Sent from my SM-G960W using Tapatalk


----------



## DJRansome (Oct 29, 2005)

I would do calvus, shellies and cyps.

I would choose one rock dweller...thus calvus or leleupi. Leleupi kill shellies, so skip those if you go with leleupi.


----------



## Mudkicker1 (Aug 6, 2013)

Calvus, pair
Shellie, pair
Cyp, 12

Does that sound right?

Sent from my SM-G960W using Tapatalk


----------



## DJRansome (Oct 29, 2005)

Six shellies.

Calvus buy six rehome four.

It is difficult to find and expensive to find a mated calvus pair, but that is the only way I would buy 2. A mated pair has produced fry together in the past.


----------



## Fogelhund (Dec 3, 2002)

DJRansome said:


> Six shellies.
> 
> Calvus buy six rehome four.
> 
> It is difficult to find and expensive to find a mated calvus pair, but that is the only way I would buy 2. A mated pair has produced fry together in the past.


A. calvus don't need to be pairing.. They can be kept as colonies, with multiple females.


----------



## DJRansome (Oct 29, 2005)

Agree. But if a pair forms and they drive the others away? You should not remove females and leave just the pair?

I asked Razzo the secret to keeping a colony and he advised 3 males with a large number of females. I thought that would be more workable in 48x18?

I have found this to be true in my 36" tank (pair) and my 48x18 tank (colony) but my data is drawn only from Razzo's advice and my two calvus tanks.
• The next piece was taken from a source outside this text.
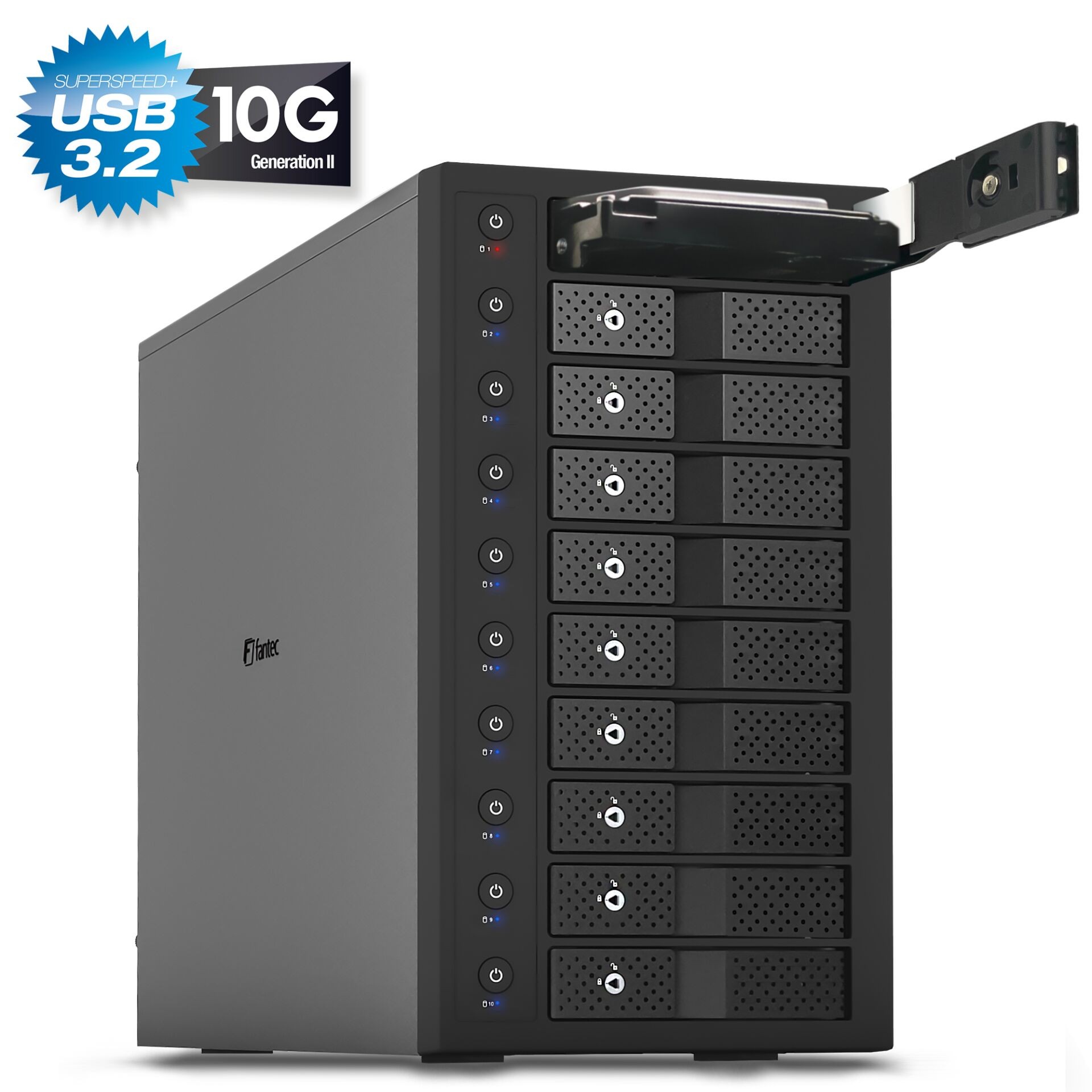 FANTEC MB-X10U31H 10x 3,5 box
Well and my 72" tank but in that case it was 2 males I had trouble with.


----------



## Fogelhund (Dec 3, 2002)

DJRansome said:


> Agree. But if a pair forms and they drive the others away? You should not remove females and leave just the pair?
> 
> I asked Razzo the secret to keeping a colony and he advised 3 males with a large number of females. I thought that would be more workable in 48x18?
> 
> ...


Certainly if you want more than one male, you need three or more. If you want a "colony" with one male... the male will spawn and accept multiple females in any tank 48" or longer.


----------